Kirhoff's voltage law is sometimes rendered as, "the sum of the voltage drops around a loop is zero." For a bit of charge starting at point B and going around loop 1, the voltage rises through the power supply, drops through resistor R1, and drops through resistor R3, if the reference direction for R3 is seen as positive at point A and negative at point B. The voltage rise through the power supply V1 can be described as a negative voltage drop, so V1 appears as a negative term.

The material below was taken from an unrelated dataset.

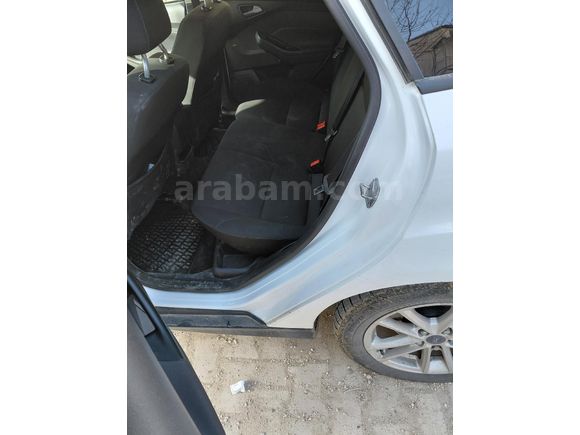 Sahibinden Ford Focus 1.6 TDCi Style 2017 Model  171.000 km Beyaz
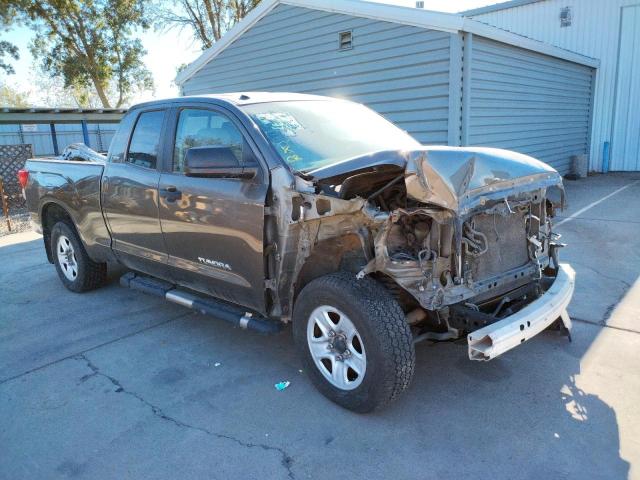 Salvage cars for sale from Copart Sacramento, CA: 2011 Toyota Tundra DOU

I note that there's a discrepancy between the drawing and the equation you posted,
Bennington:
-V+Vr1+Vr3=0
Each resistor in the drawing has a polarity marker indicating the reference direction for the voltage across it. R3's polarity marker is at point B. Traveling aroung loop 1, the voltage across R3 comes up as a voltage rise rather than a voltage drop, so I'd expect to see its appearance in the equation as negative, like this:
-V1 + VR2 - VR3 = 0
The sign of VR3 works itself out by how the current is represented: The voltage across the resistor is the resistance multiplied by the current entering the polarity mark. In this case, that's R3 * (I2 - I1). I1 appears as a negative term because the reference direction for I1 shown in the drawing enters the other end of the resistor. That's the opposite of the signs of the two loop currents shown in your post:
Vr3=(I1-I2)R3
so, the math in your post is consistent. It's just not entirely consistent with the reference directions for voltage shown in the drawing.
Edit: clarity